▶ _What this task involves_: Please return every record exactly, with no pictures included.
[Data excerpts Boundary: Start]
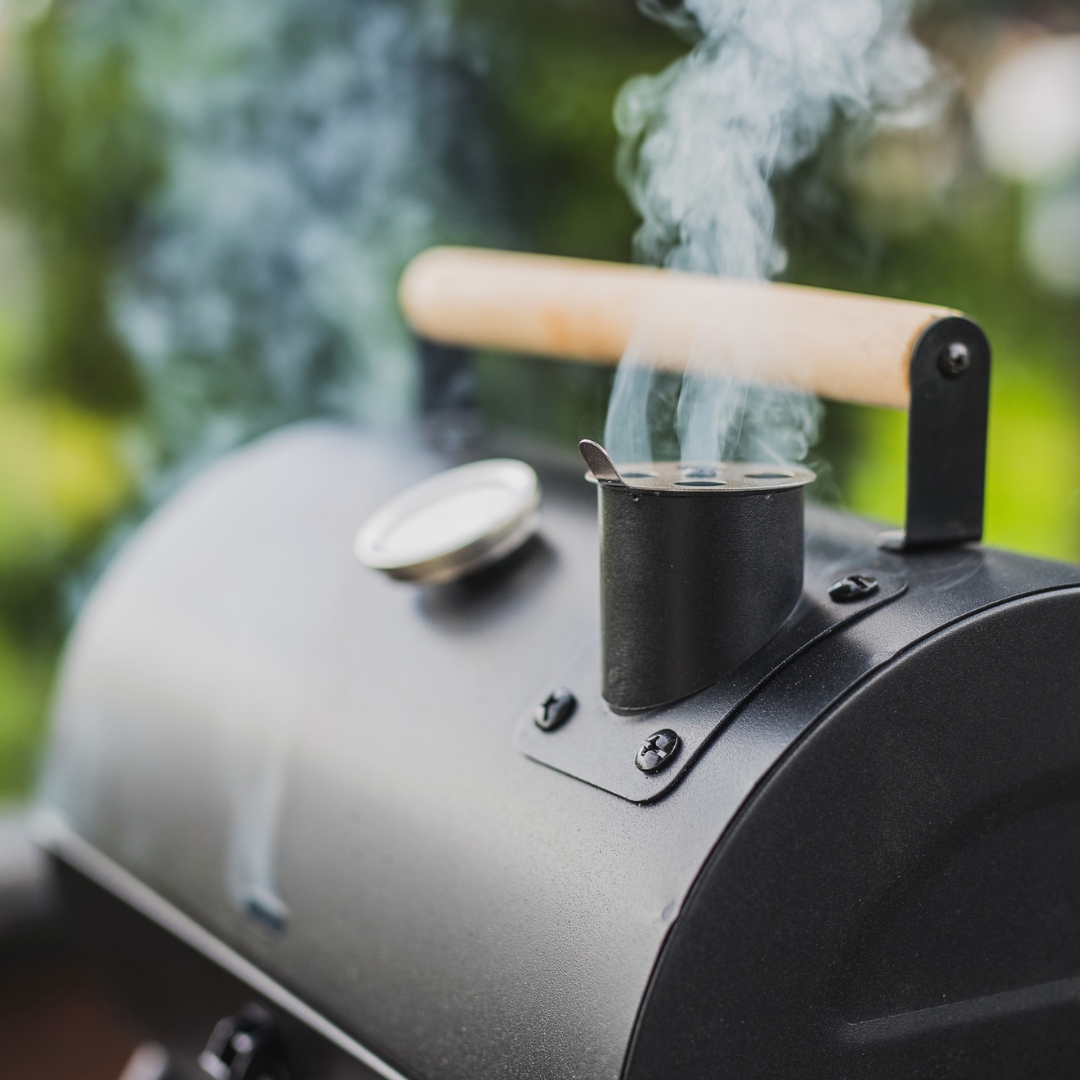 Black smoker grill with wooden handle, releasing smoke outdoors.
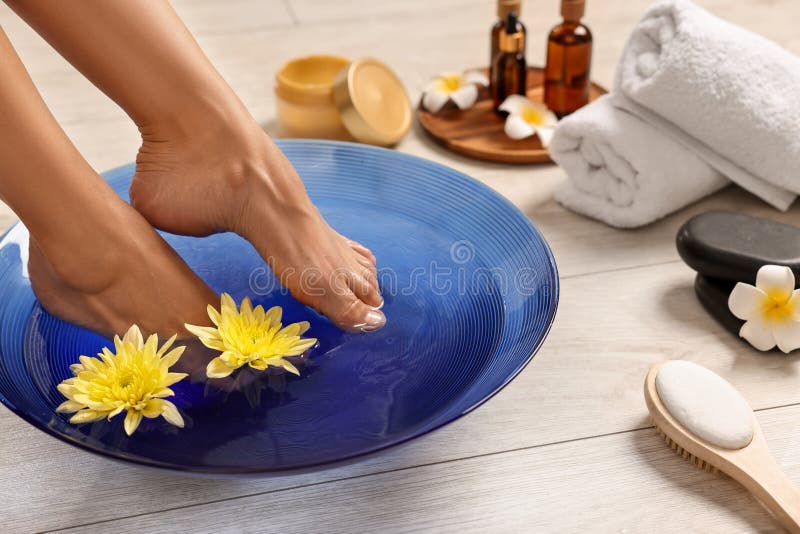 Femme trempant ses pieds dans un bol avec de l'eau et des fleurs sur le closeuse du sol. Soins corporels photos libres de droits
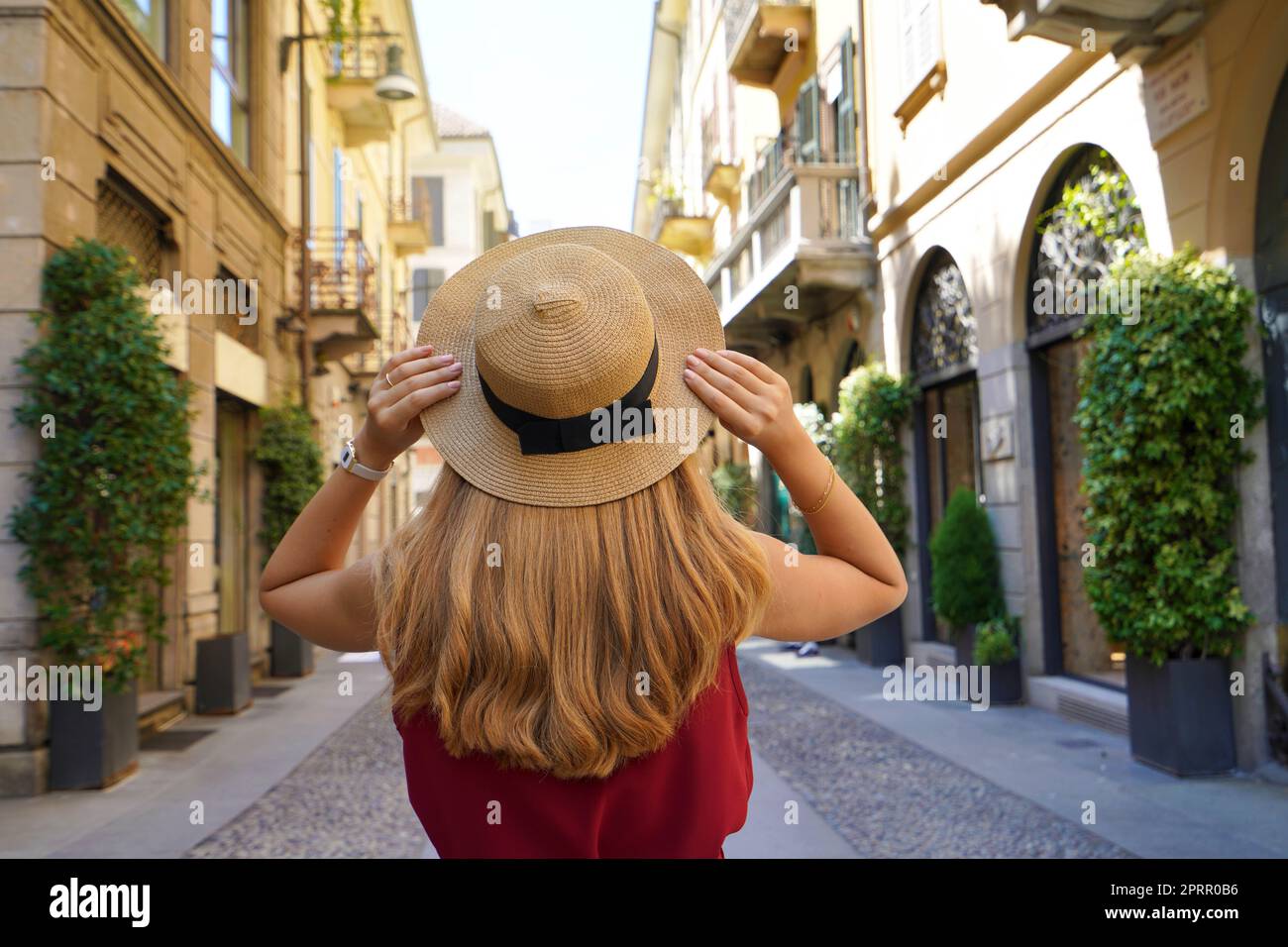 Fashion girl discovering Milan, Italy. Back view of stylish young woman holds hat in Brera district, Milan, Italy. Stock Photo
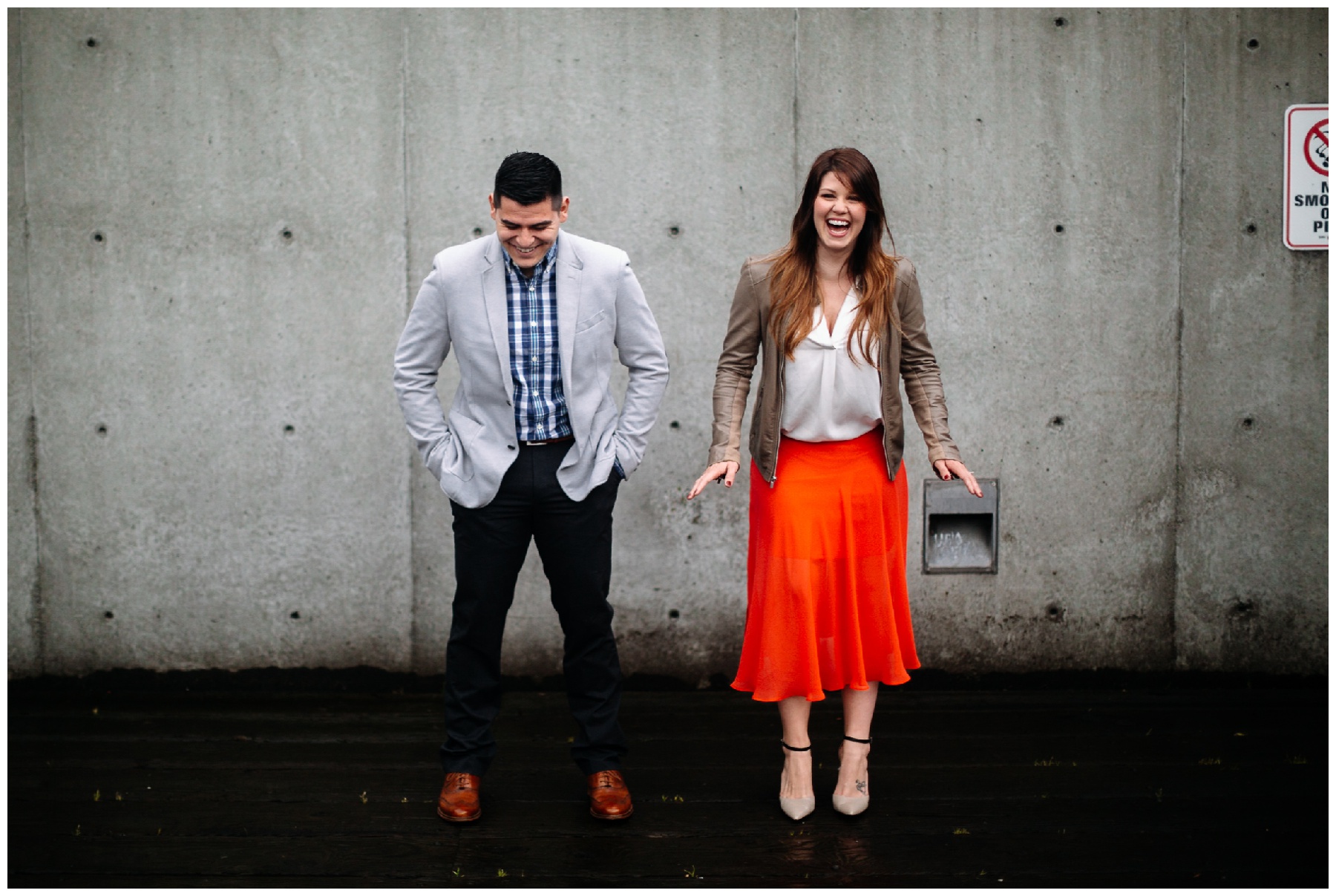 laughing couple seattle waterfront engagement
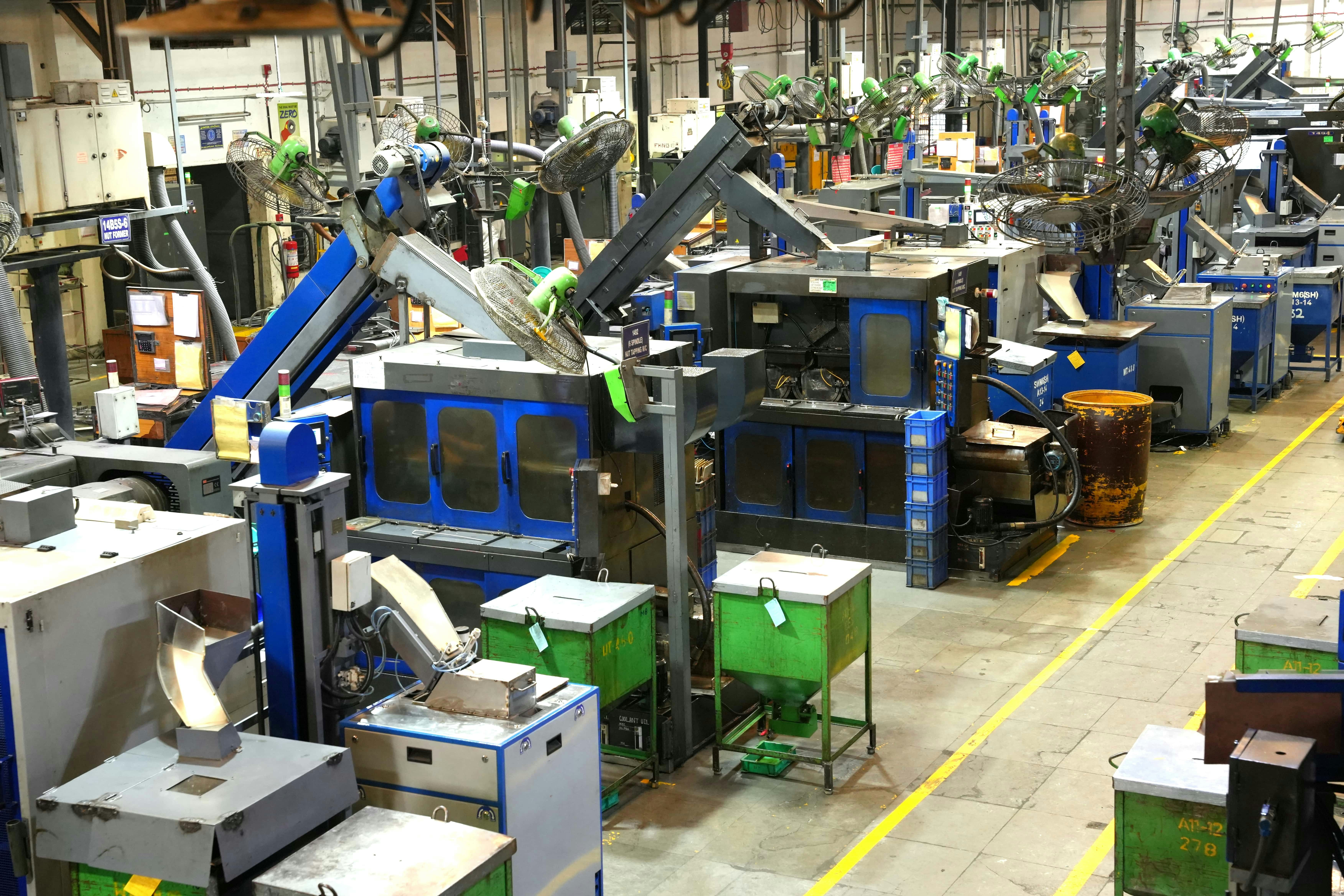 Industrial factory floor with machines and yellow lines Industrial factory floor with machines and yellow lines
[Data excerpts Boundary: End]
▶ _Your response_:
 Black smoker grill with wooden handle, releasing smoke outdoors.
 Femme trempant ses pieds dans un bol avec de l'eau et des fleurs sur le closeuse du sol. Soins corporels photos libres de droits
 Fashion girl discovering Milan, Italy. Back view of stylish young woman holds hat in Brera district, Milan, Italy. Stock Photo
 laughing couple seattle waterfront engagement
 Industrial factory floor with machines and yellow lines Industrial factory floor with machines and yellow lines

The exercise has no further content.